Computer Vision Project

Project 3 / Camera Calibration and Fundamental Matrix Estimation with RANSAC

In this project, I implemented the following:

Camera Projection Matrix + Camera Position
Fundamental Matrix Estimation
Fundamental Matrix with RANSAC
(Extra Credit) Normalized Coordinates

Camera Projection Matrix + Camera Position

The projection from a 3D point to a 2D point is represented by:

$$ \begin{pmatrix}u \\ v \\ 1\end{pmatrix} \cong \begin{pmatrix}u*s \\ v*s \\ s \end{pmatrix} = M \begin{pmatrix}X \\ Y \\ Z \\ 1 \end{pmatrix} =\begin{pmatrix}m_{11} & m_{12} & m_{13} & m_{14} \\ m_{21} & m_{22} & m_{23} & m_{24} \\ m_{31} & m_{32} & m_{33} & m_{34} \end{pmatrix} \begin{pmatrix}X \\ Y \\ Z \\ 1 \end{pmatrix} $$

,where M is the projection matrix from 3D homogeneous coordinate to 2D homogeneous coordinate.

If we have N such pairs, we can have a group of equations.
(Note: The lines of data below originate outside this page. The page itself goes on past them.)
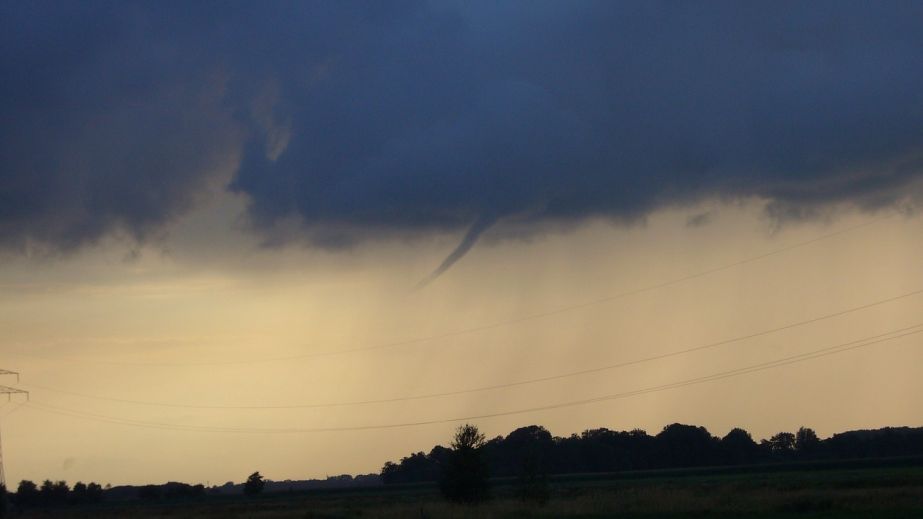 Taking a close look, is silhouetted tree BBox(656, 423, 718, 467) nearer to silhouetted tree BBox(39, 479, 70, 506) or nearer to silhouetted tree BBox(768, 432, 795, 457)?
silhouetted tree BBox(768, 432, 795, 457)

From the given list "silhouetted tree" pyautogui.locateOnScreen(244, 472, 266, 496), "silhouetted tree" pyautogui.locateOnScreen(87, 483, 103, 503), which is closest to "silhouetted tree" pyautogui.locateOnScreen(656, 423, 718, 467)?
"silhouetted tree" pyautogui.locateOnScreen(244, 472, 266, 496)

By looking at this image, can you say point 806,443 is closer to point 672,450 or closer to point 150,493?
point 672,450

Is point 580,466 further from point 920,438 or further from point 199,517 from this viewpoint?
point 199,517

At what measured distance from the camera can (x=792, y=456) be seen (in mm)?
185125

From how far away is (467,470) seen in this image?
68.3 metres

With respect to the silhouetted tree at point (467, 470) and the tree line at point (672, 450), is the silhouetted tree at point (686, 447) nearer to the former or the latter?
the tree line at point (672, 450)

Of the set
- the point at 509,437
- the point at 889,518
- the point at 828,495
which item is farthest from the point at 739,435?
the point at 889,518

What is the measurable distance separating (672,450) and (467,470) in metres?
121

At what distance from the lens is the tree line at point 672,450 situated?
175000 mm

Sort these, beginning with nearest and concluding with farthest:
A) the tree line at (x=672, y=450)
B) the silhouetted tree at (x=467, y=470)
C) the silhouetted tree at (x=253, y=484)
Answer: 1. the silhouetted tree at (x=467, y=470)
2. the silhouetted tree at (x=253, y=484)
3. the tree line at (x=672, y=450)

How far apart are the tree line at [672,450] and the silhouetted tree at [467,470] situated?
Answer: 4001 inches

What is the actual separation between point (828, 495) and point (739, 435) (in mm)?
134014

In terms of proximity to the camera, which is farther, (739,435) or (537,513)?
(739,435)

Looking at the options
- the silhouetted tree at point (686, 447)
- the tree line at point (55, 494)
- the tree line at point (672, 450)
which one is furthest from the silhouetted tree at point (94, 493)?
the silhouetted tree at point (686, 447) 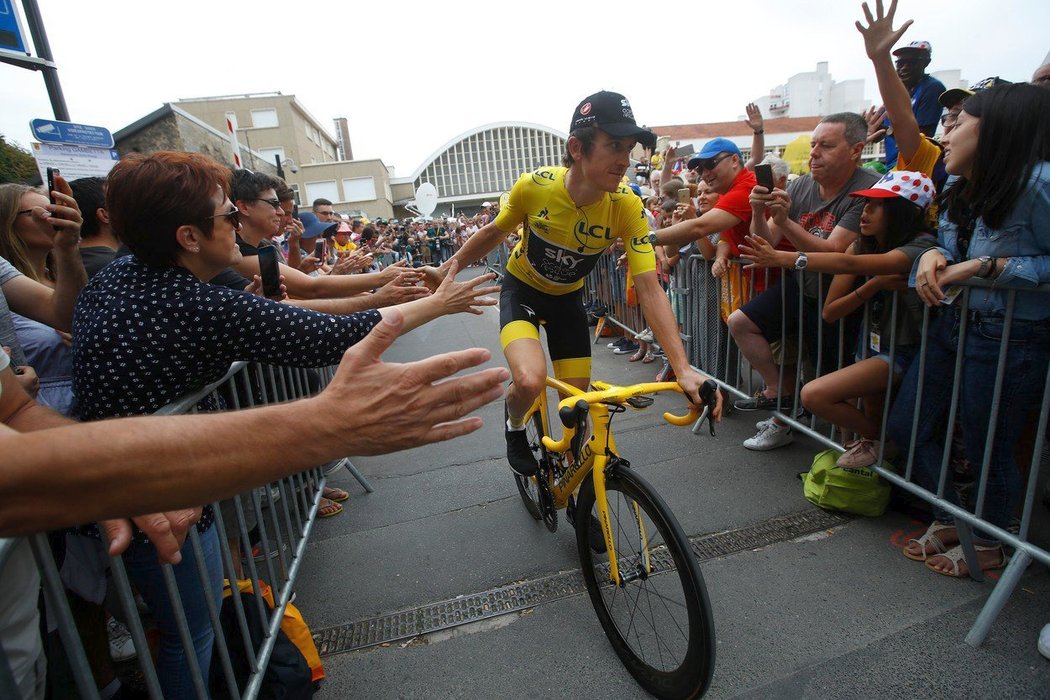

Notice that we still have one degree of freedom. Let's fixed m34 to be 1 and use the original 3D and 2D points (without any scaling). Write them in matrix form:

$$ \begin{pmatrix} X1 & Y1 & Z1 & 1 & 0 & 0 & 0 & 0 & -u1*X1 & -u1*Y1 & -u1*Z1 \\ 0 & 0 & 0 & 0 & X1 & Y1 & Z1 & 1 & -v1*X1 & -v1*Y1 & -v1*Z1 \\ . & . & . & . & . & . & . & . & . & . & . \\ Xn & Yn & Zn & 1 & 0 & 0 & 0 & 0 & -un*Xn & -un*Yn & -un*Zn \\ 0 & 0 & 0 & 0 & Xn & Yn & Zn & 1 & -vn*Zn & -vn*Yn & -vn*Zn \end{pmatrix} \begin{pmatrix} m_{11} \\ m_{12} \\ m_{13} \\ m_{14} \\ m_{21} \\ m_{22} \\ m_{23} \\ m_{24} \\ m_{31} \\ m_{32} \\ m_{33} \end{pmatrix} = \begin{pmatrix} u_1 \\ v_1 \\ . \\ . \\ . \\ . \\ . \\ . \\ . \\ u_n \\ v_n \end{pmatrix} $$

Solve this equation gives us the values of matrix M. The code is shown below:

	
A = [];
b = [];
for i=1:size(Points_2D, 1)
	A = [A; ...
	Points_3D(i,:), 1, zeros(1,4), -Points_2D(i,1)*Points_3D(i,:); ...
	 zeros(1,4), Points_3D(i,:), 1, -Points_2D(i,2)*[Points_3D(i,:)]...
	 ];


	b = [b;Points_2D(i,1);Points_2D(i,2)];
end

m = [A \ b;1];
M = reshape(m, 4,3)';

The following code computes the camera position

	
Center = - (inv(M(1:3,1:3)) * M(1:3, 4))';

Fundamental Matrix Estimation

Ideally, if a pair of two points (p,q) match, we shall have

$$ q^T F p = 0$$

,where F is the fundemental matrix (3 x 3) and p, q are in homogeneous coordinates (p in image A and q in image B).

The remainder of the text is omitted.